McFarland, 2019, 209pp, softback

$29.95

ISBN 978-1-4766-7924-2

Books have been published on many aspects of space culture (including art, tourism, psychology and sex), but this must be the first on alcohol. As the blurb purports, “the production and consumption of alcohol has played a significant role in human society since the dawn of civilization”, asking “will this still hold true when humanity is exploring and settling the outer reaches of space?”. The author answers the question by telling stories of “the numerous occurrences of alcohol consumption in space and current space-related drink projects”.

Following a brief history of alcohol and society, this light-hearted but informative book delves into “booze in science fiction” and “the history of drinking in space”. From Star Trek’s Romulan Ale to Hitchhiker’s Pan Galactic Gargle Blaster, the story is familiar, but what about real life?
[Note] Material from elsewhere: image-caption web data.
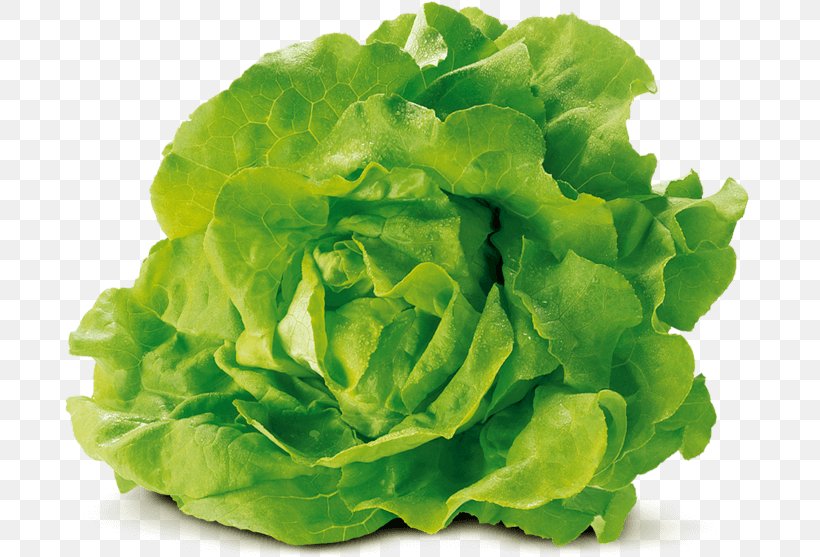 Leaf Vegetable Romaine Lettuce Food Red Leaf Lettuce, PNG, 800x557px, Vegetable, Butterhead Lettuce, Cabbage, Corn Salad, Cruciferous Vegetables Download Free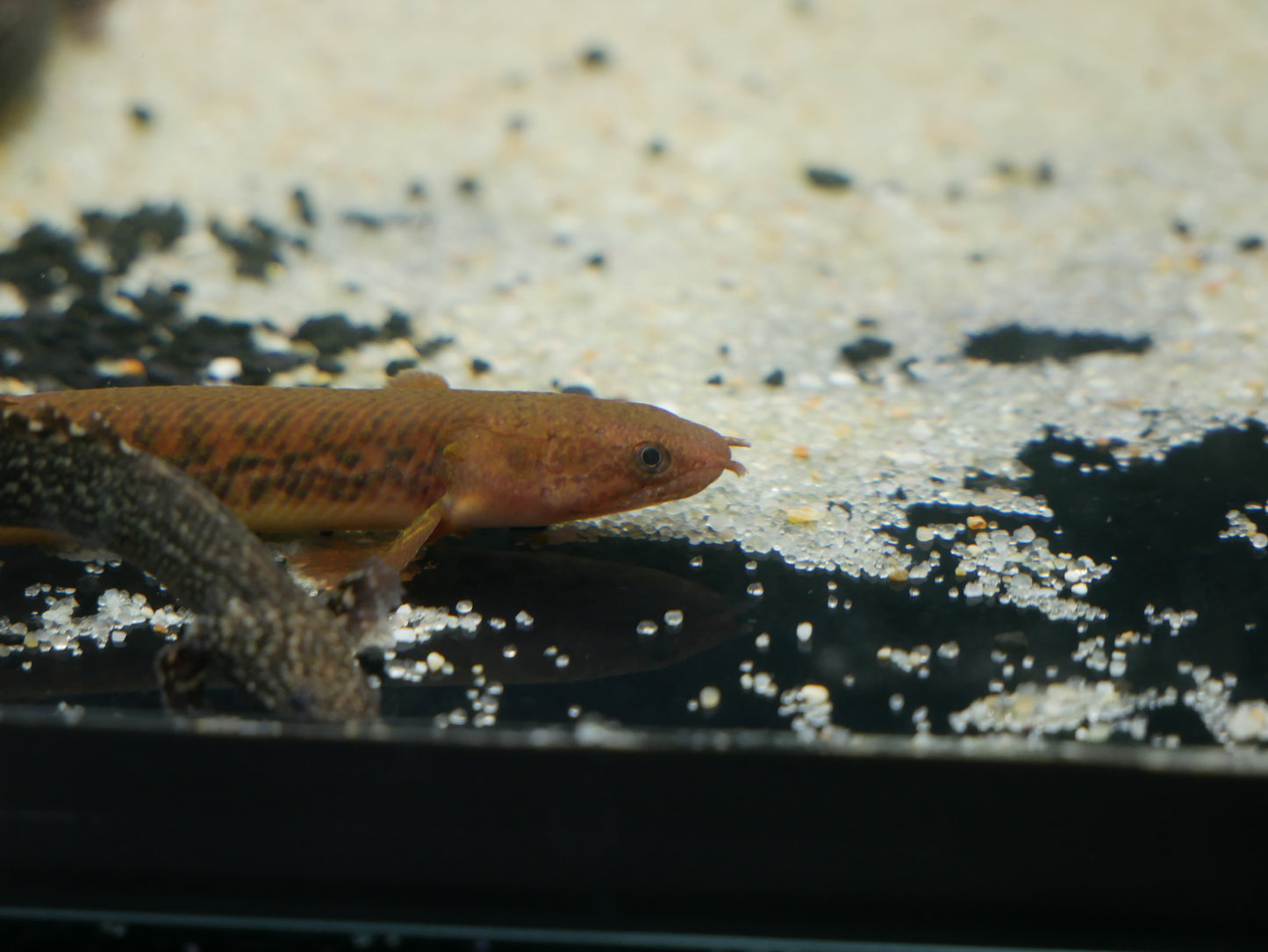 Teuglesi Bichir (Polypterus teuglesi)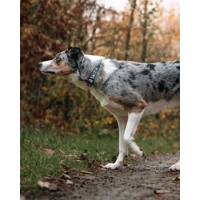 Jolly Bear Christmas Dog Collar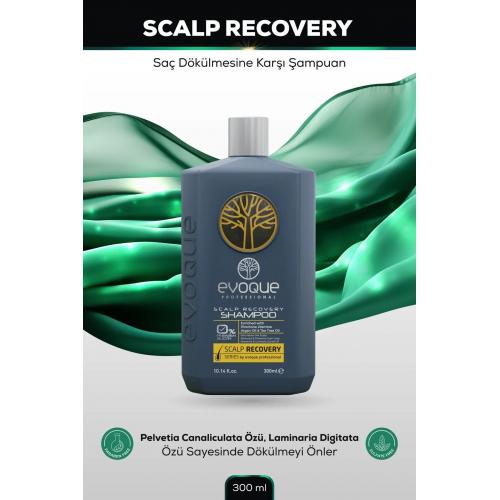 Scalp Recovery Saç Dökülmesine Karşı Şampuan 300ml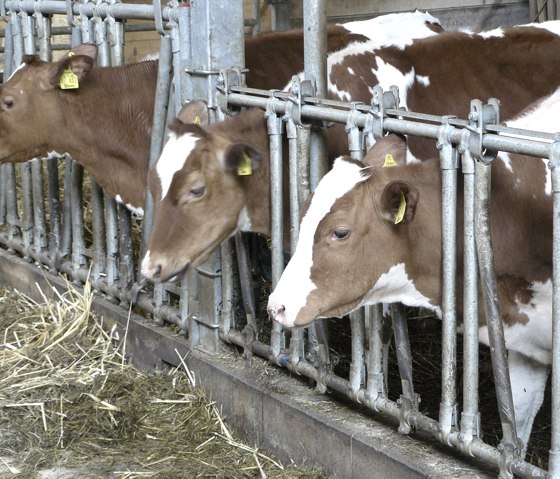 Stall1, © Kloep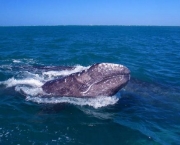 The Pacific gray whale ... numbers are not as bouyant as thought, say scientists.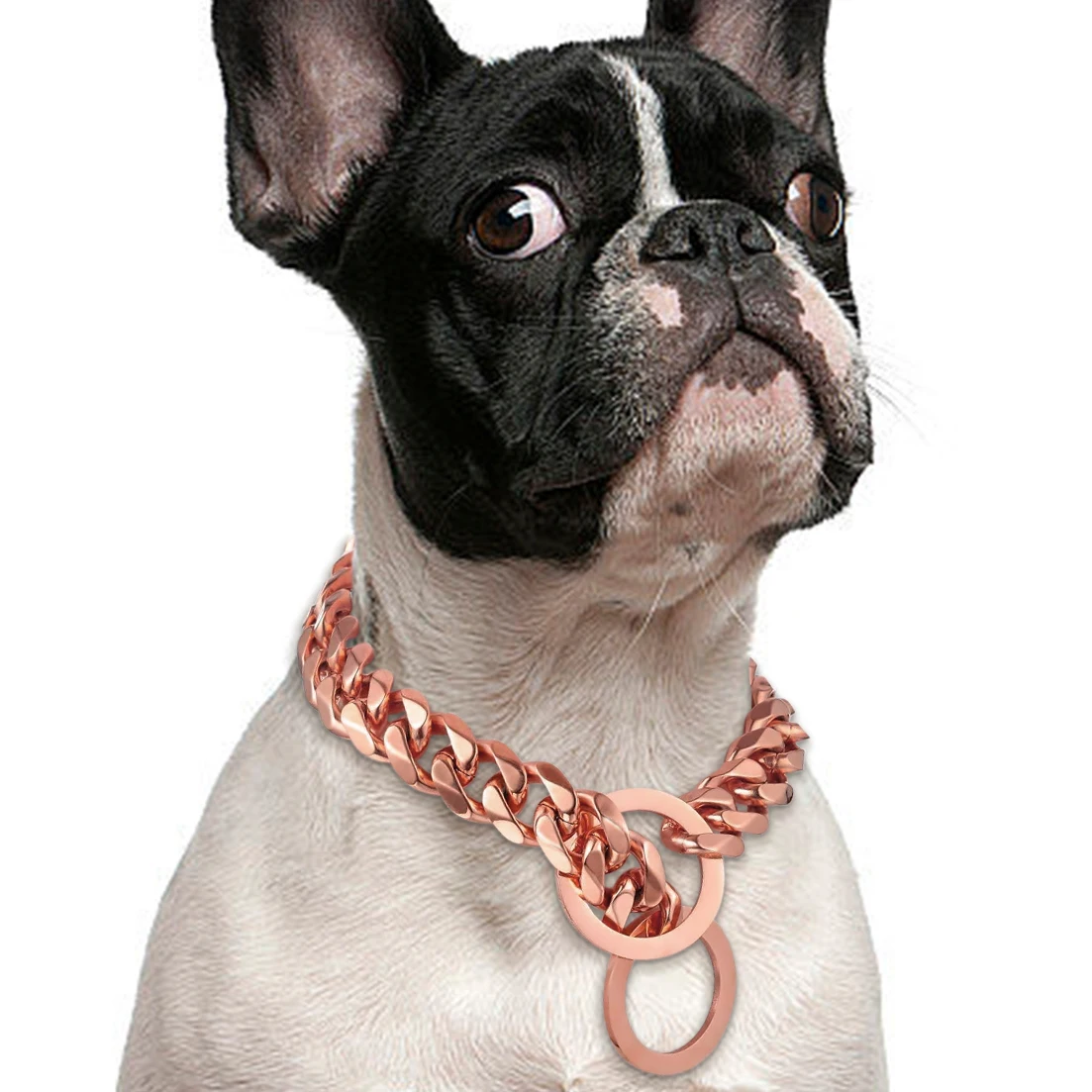 Rose Gold Chain Dog Collar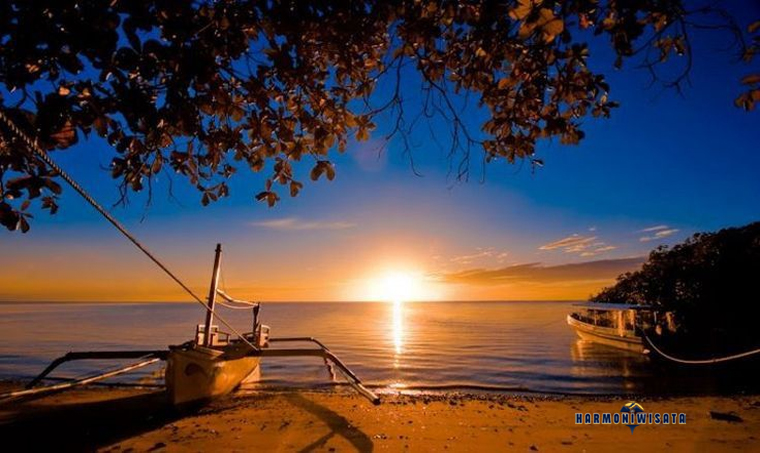 Pantai Bama Baluran: Daya Tarik, Lokasi, dan Tips Berkunjung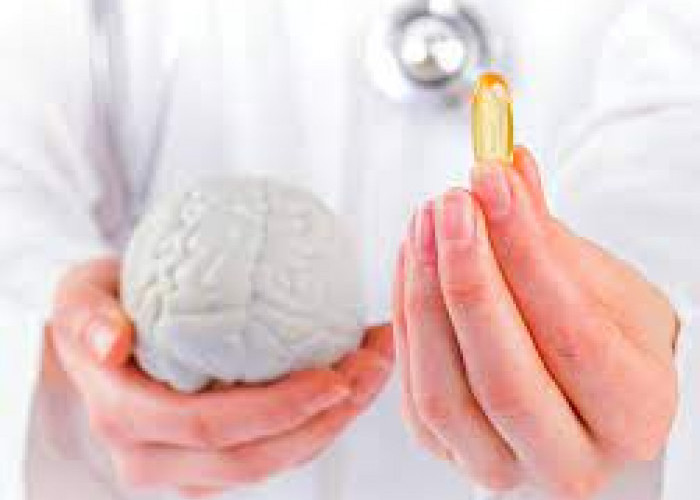 Otak yang Kuat dan Sehat, Memerlukan Vitamin Khusus Berikut 5 Macam Vitamin Otak Untuk  Hasilkan Kinerja Otak Lebih Baik 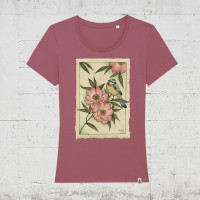 hibiscus rose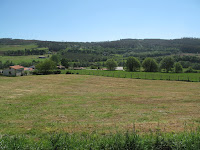 IMG_0311.JPG Photo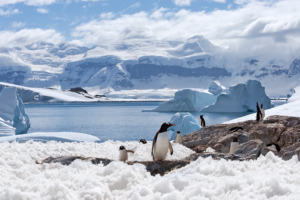 Pinguins na Antártida.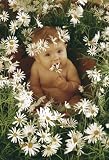Anne Geddes - Margarete, 500 Teile (Puzzle) - 
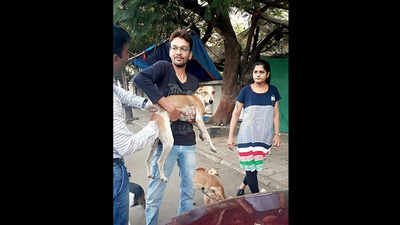 Surat: NGO vaccinates 70 stray dogs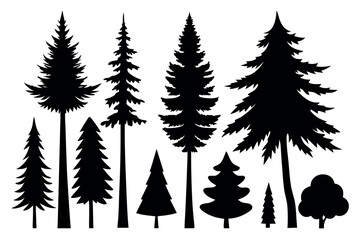 Obraz premium Black Pine Tree Silhouette Set – Evergreen Forest Trees in Nature Landscape Vector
What the author refers to as “possibly the first” example of “non-terrestrial drinking” occurred during the Apollo 11 mission, when Buzz Aldrin took communion after landing. Aldrin recalls the way the wine “curled slowly and gracefully up the side of the cup” in the one-sixth gravity, making science out of a religious event. The “first reported alcohol consumption” by Russian spacefarers was during the 1971 Salyut-7 mission when one of the cosmonaut’s birthdays was celebrated with a small bottle of Armenian Cognac; apparently, Cognac was regularly smuggled on board the Mir space station.

In consideration of the foodstuffs from which alcohol can be fermented, the author makes a detour into “farming in space”, then concludes with some “final thoughts” (such as “there is an enormous cloud of alcohol 6,500 light years from Earth…that is literally the birthplace of new stars”). More seriously, he considers the safety, health and public perception elements of his subject, along with some of the commercial opportunities. While space agencies may continue to ban alcohol consumption in their spacecraft and stations, it seems inevitable that space tourism will eventually feature the occasional shot or bevvy. One for the orbit, anyone?